━━━━━ INPUT

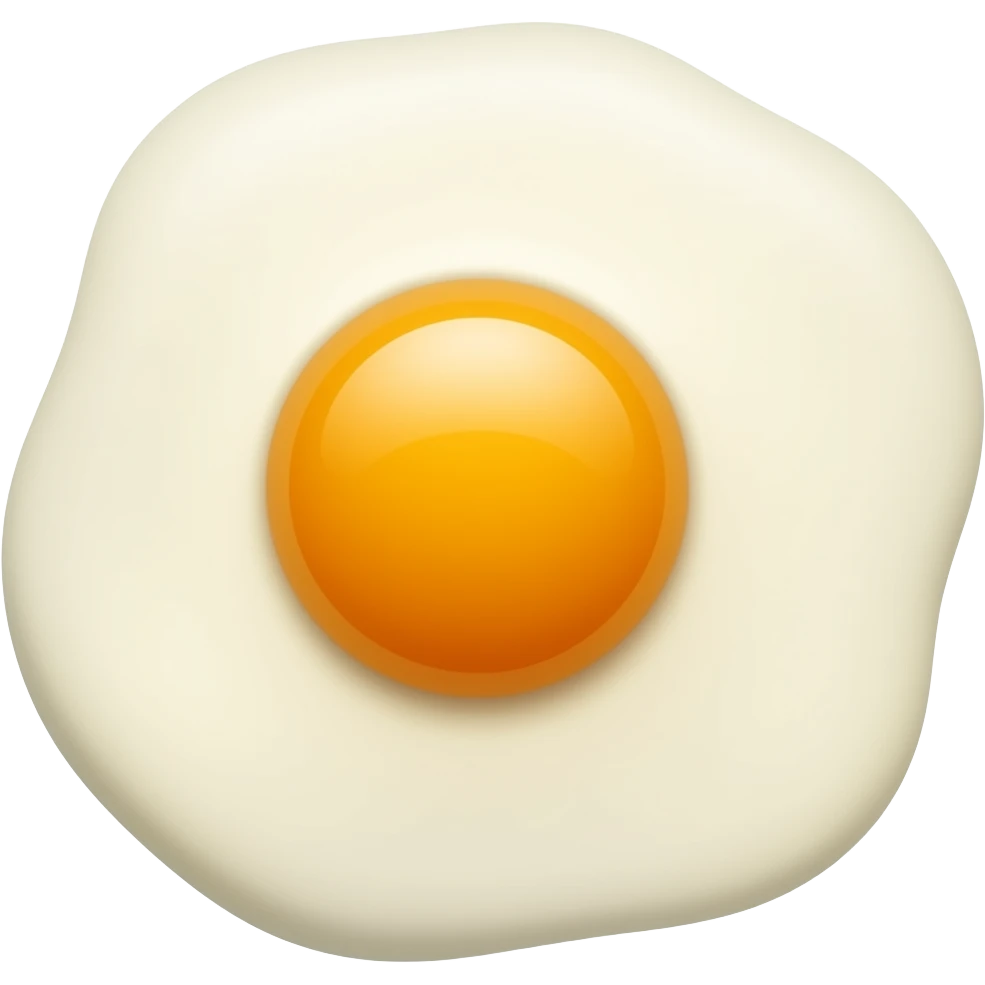 Scrambled egg emoji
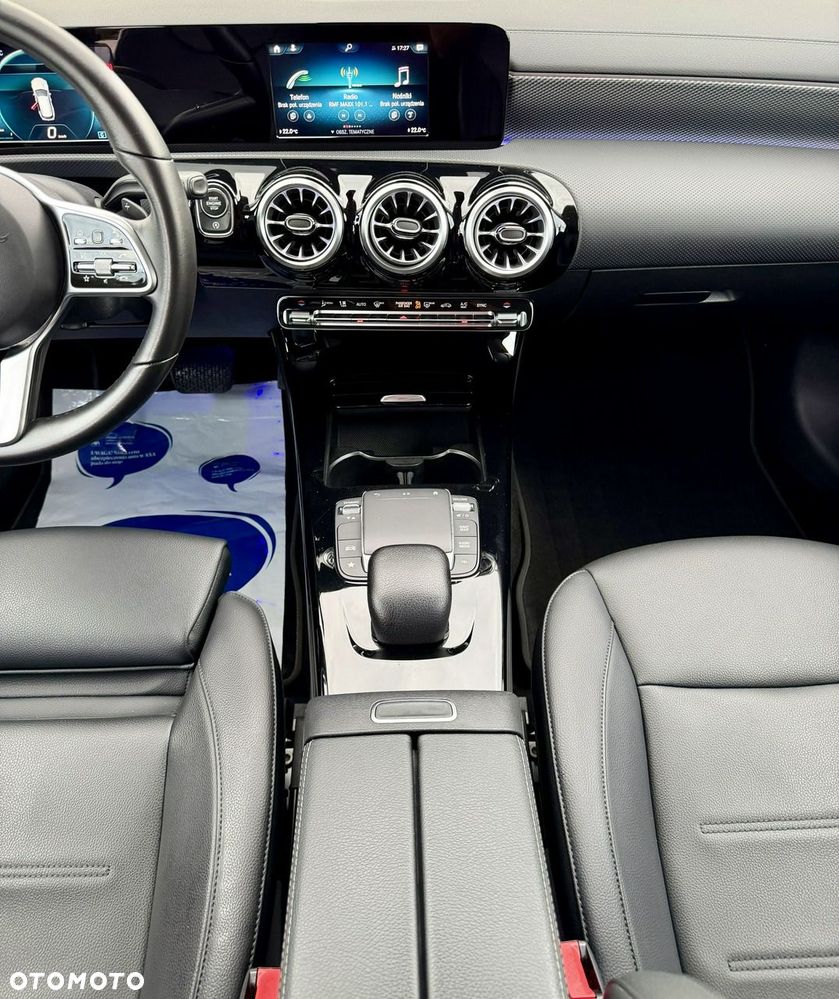 Mercedes-Benz CLA 200 d 8G-DCT Edition Progressive Line - 12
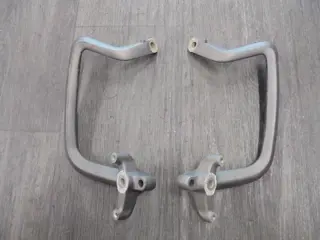 HANDVAT ACHTER Triumph Tiger 800 XRT 2016 - 2017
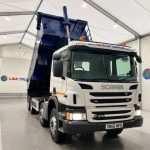 Scania  P370 8×4 Day Cab Tipper - thumbnail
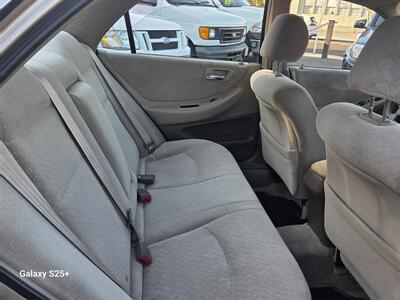 2001 Honda Accord LX - Photo 13 - Roseville, CA 95678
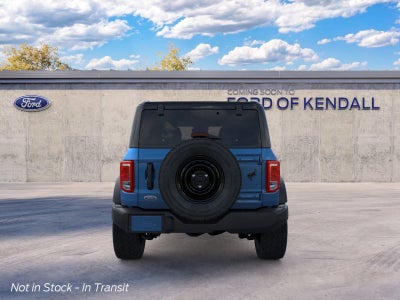 2026 Ford Bronco Big Bend®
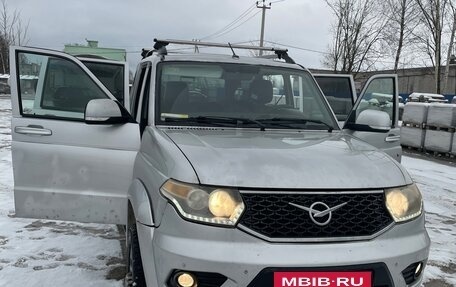 ЛуАЗ Patriot, 2016 год, 695 000 рублей, 5 фотография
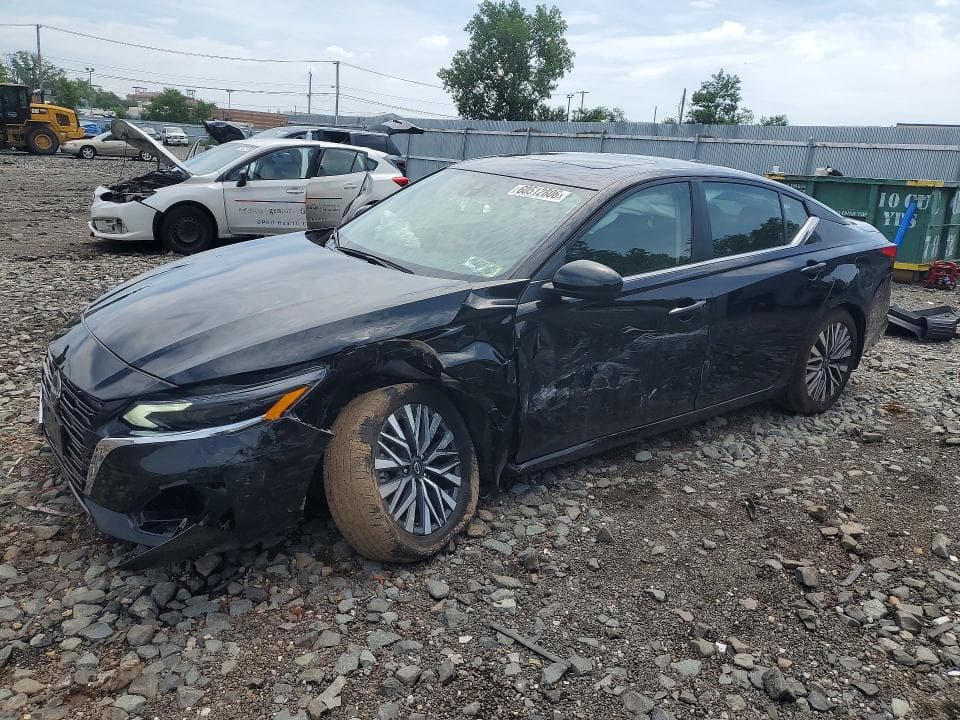 2024 NISSAN ALTIMA SV - 1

━━━━━━━━━━

## PROBLEM REQUIREMENTS
Exactly the lines from the line with "HANDVAT ACHTER Triumph" through the last line of the listing, both included, should be extracted, and the pictures left behind.

## RESULT OF THE EXERCISE
 HANDVAT ACHTER Triumph Tiger 800 XRT 2016 - 2017
 Scania  P370 8×4 Day Cab Tipper - thumbnail
 2001 Honda Accord LX - Photo 13 - Roseville, CA 95678
 2026 Ford Bronco Big Bend®
 ЛуАЗ Patriot, 2016 год, 695 000 рублей, 5 фотография
 2024 NISSAN ALTIMA SV - 1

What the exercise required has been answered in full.